~~MAROU~~
– MAROU! – słyszę dobrze znany mi kobiecy głos, który może należeć tylko do jednej osoby – Haniel. To mógł być szczęście, że pierwszym Aniołem, jakiego spotkałem była Haniel. Nie obawiałem się archanielicy, bo wiedziałem, że mnie nie skrzywdzi. Przecież się znaliśmy, więc dlaczego miałaby to zrobić? Pozbawić mnie życia? Już prędzej mogłaby pozbawić życia Samaela...
– Marou, och Marou! – Haniel jak zawsze zachwycała swoją urodą. Dlaczego to nie ona mogła zostać moją Przeznaczoną? Pisnęła przerażona, widząc mój stan.
– Twoje skrzydła! – krzyknęła przerażona – J-jak? Gdzie twój Przeznaczony? – pyta i rozgląda się po okolicy. Obawia się go?
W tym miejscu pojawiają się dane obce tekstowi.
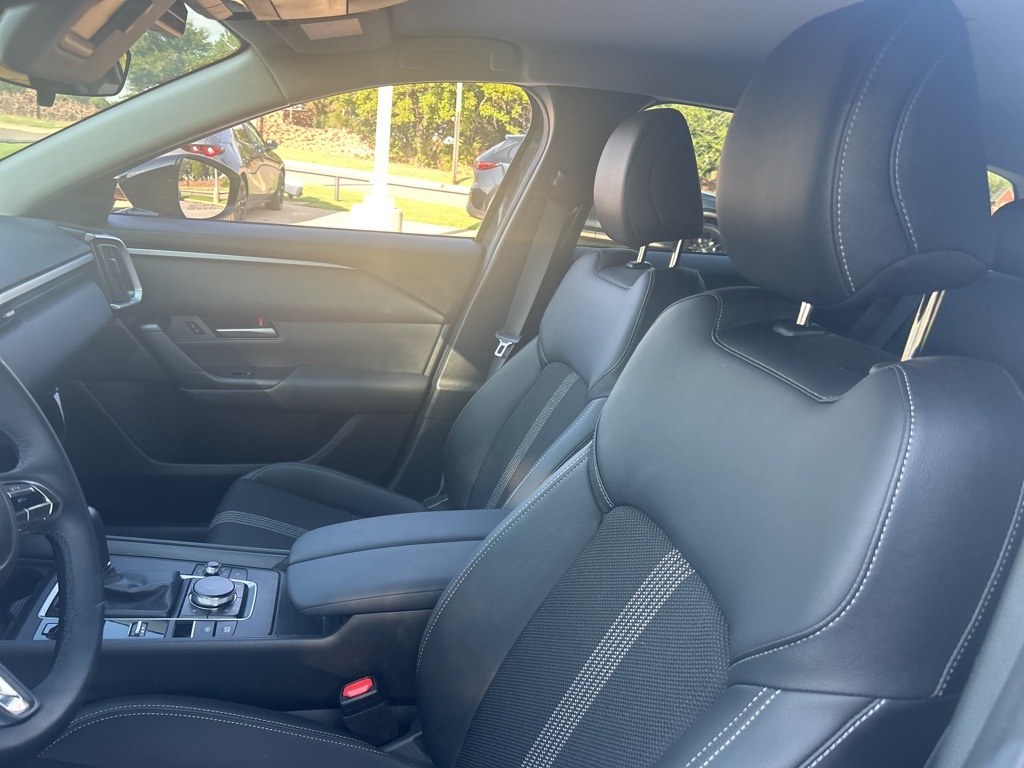 2025 Mazda CX-50 2.5 Select photo 3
– Ja n-nie wiem – odpowiadam, stając na równe nogi. Chwieję się i gdyby nie Haniel runąłbym na ziemie ponownie. Jestem takim głupcem! Dlaczego oddaliłem się od Sa'ela? Nie powinienem, ale... To wszystko mnie przeraża i napawa niepokojem. Mój dotychczasowy świat runął w jednej chwili.
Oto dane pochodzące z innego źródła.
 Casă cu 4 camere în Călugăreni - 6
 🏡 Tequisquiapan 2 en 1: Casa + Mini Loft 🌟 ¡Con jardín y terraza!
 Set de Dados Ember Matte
– Spokojnie Marou. Musisz uciekać... Kamael i jego armia, szukają cię. Jesteś w niebezpieczeństwie, uznali cię za niebezpieczne wynaturzenie. Ja powinnam teraz ciebie zabić, ale... – nie skończyła, ponieważ jej głowa została odcięta. Krew trysnęła na moją twarz, a ja stłumiłem krzyk. Nie mogłem krzyczeć, jeśli Kamael jest w pobliżu, to oznacza kłopoty. Ciało Archanielicy upadło, a ja ujrzałem przed sobą Samaela, który dzierżył w dłoni swój Anielski Miecz.
– Coś ty uczynił?! – załkałem, widząc, co zrobił mój ukochany. Dlaczego? Dlaczego nie pozwolił jej odejść? Nie chciała mnie skrzywdzić! Wiedziałem o tym! A jednak on ją zabił!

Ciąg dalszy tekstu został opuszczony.